[Short web captions]
------------------------

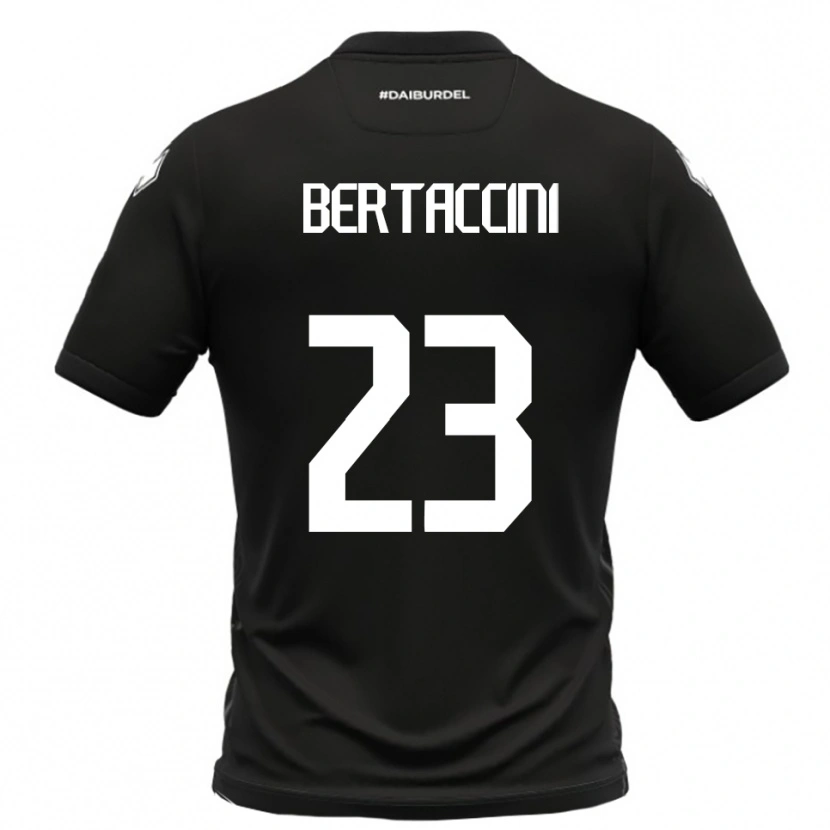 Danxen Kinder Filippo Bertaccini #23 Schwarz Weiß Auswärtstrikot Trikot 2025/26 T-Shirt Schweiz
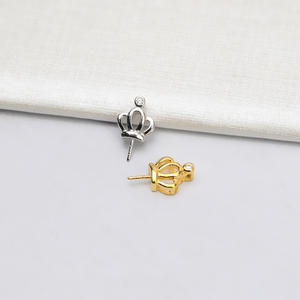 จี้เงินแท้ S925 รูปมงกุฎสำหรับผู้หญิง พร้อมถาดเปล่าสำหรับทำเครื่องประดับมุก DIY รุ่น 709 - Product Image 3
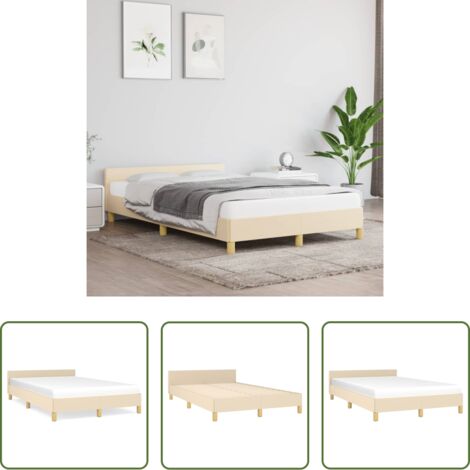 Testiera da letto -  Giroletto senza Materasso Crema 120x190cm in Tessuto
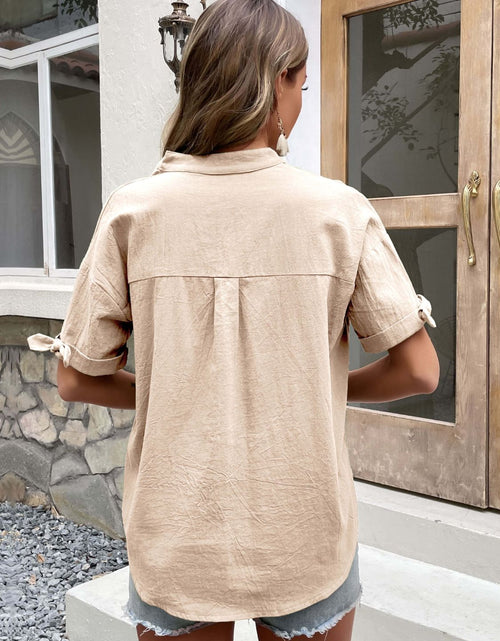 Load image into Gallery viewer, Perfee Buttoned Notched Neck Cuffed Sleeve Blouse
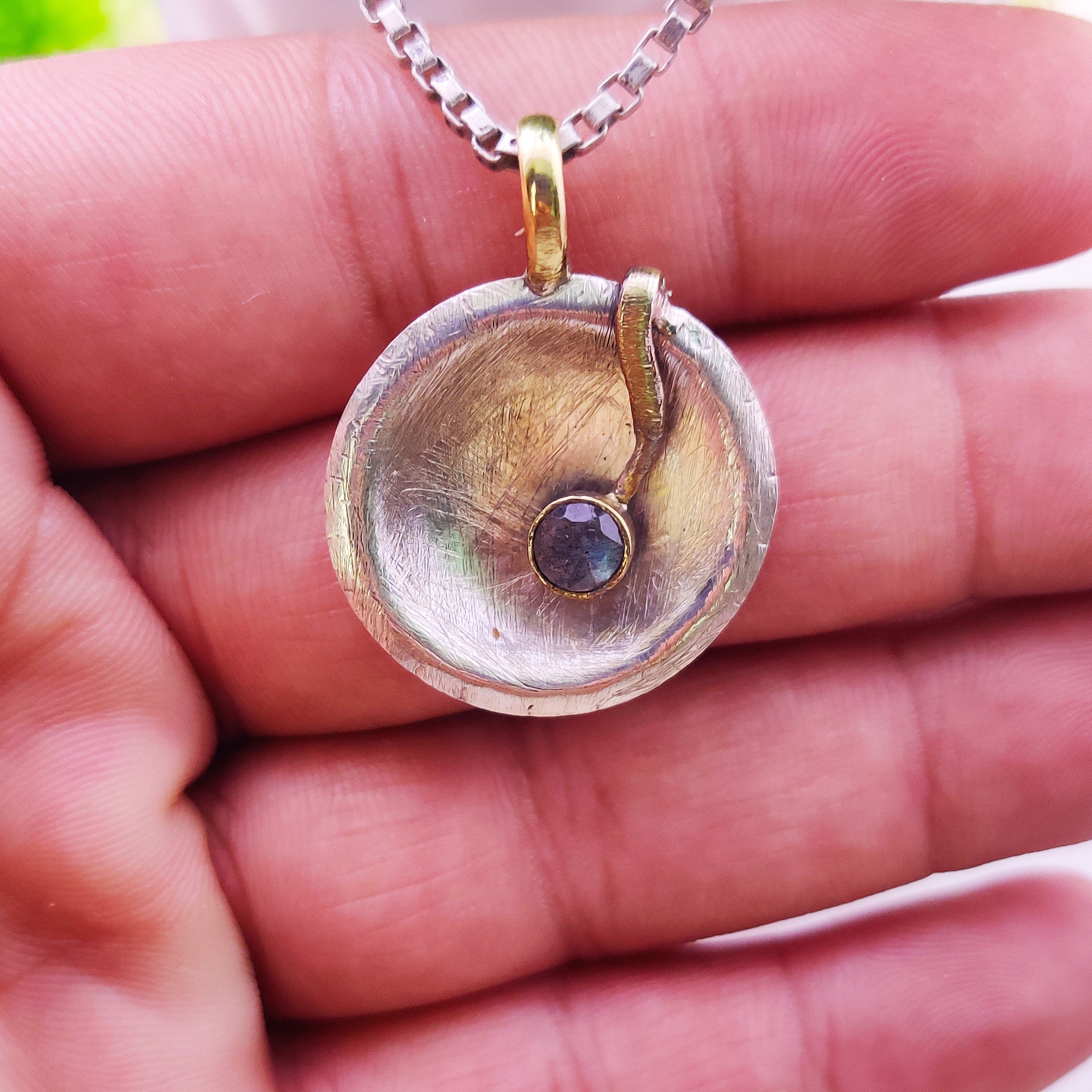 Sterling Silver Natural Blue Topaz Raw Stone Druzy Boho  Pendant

------------------------

## Task brief
In the records above, find the line that contains "Testiera da letto". Retype it and every line after it, exactly, leaving out all pictures.

## Solution
 Testiera da letto -  Giroletto senza Materasso Crema 120x190cm in Tessuto
 Load image into Gallery viewer, Perfee Buttoned Notched Neck Cuffed Sleeve Blouse
 Sterling Silver Natural Blue Topaz Raw Stone Druzy Boho  Pendant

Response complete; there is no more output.